Every now and then I check the weather for Solander Island. Fifteen years ago, I did a 10-day trip around the Brooks Peninsula, off the northwest coast of Vancouver Island, and the most difficult portion of the route was there at Solander. It was a late-fall trip, right on the edge of the calendar for kayakers, and we were pinned down by wind more than half the time. Our progress came during the brief weather windows, where we’d make up for spending two or three stormy days on some wilderness beach by covering 30 or 40 miles in a single day of low seas and favorable breezes.
Solander Island sits just off the tip of the Brooks Peninsula and its positioning ensures that it catches every storm that moves through the area. The winds reported by the weather station there on the island are still some of the most impressive I’ve heard. I remember sitting in a tent pitched at the highest edge of a beach just a few miles away from Solander, protected by the short bluff that separated the beach from the forest above, black bear patrolling the tidal area below me, rain falling hard and the roar of the wind in the trees overhead… I remember listening to that weather report, “… Wind southwest, 60 knots. Decreasing to 40 knots this afternoon,” and thinking to myself, “Well, at least it sounds better than yesterday.” It’s that kind of a place.
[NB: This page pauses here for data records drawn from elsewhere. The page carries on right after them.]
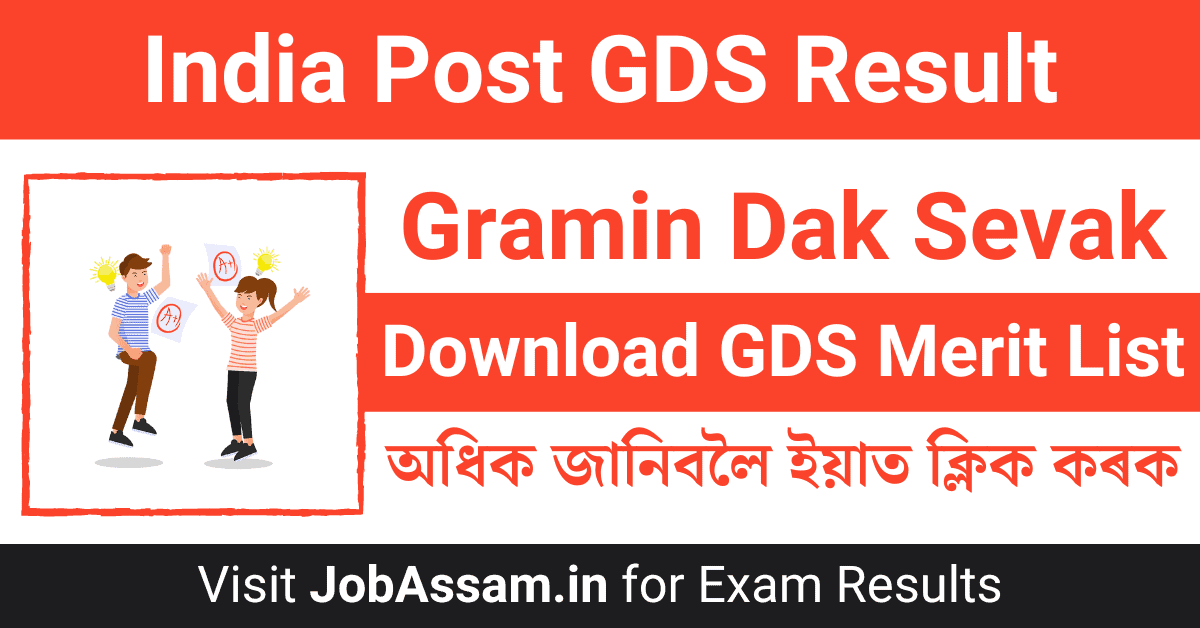 India Post GDS Result Details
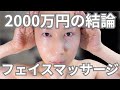 【47歳・実話】2000万円かけた僕が、今も続ける「人生を変える」フェイスマッサージ!!メイルテック専門家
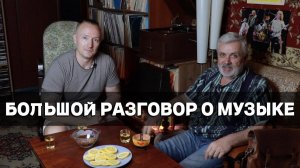 CD VS винил. Что такое джаз? Что послушать? Что такое музыка?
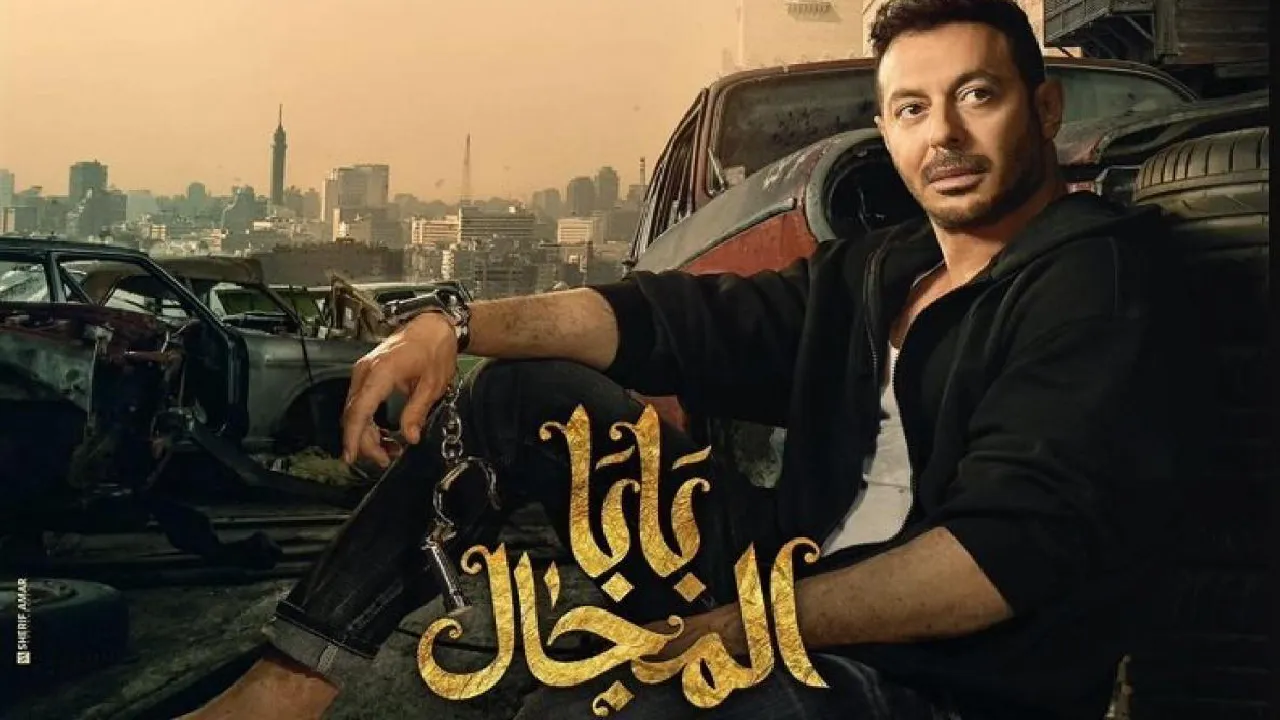 مسلسل بابا المجال الحلقة 17 السابعة عشر HD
But it does have its bluebird days, even in the middle of winter. Last winter looked like it was an easy one up that way, at least from the standpoint of storms rolling through. And today, with a temperature of 38 degrees, wind out of the northwest at 4 knots and a rising barometer, Solander Island would be a great paddling experience. It looks like conditions there will be better than what we’re going to have in Puget Sound for the next 24 hours.
It’s a perfect weather window. And if I were trying to paddle around the tip of the Brooks in winter, I would definitely want to do it on a day like this one.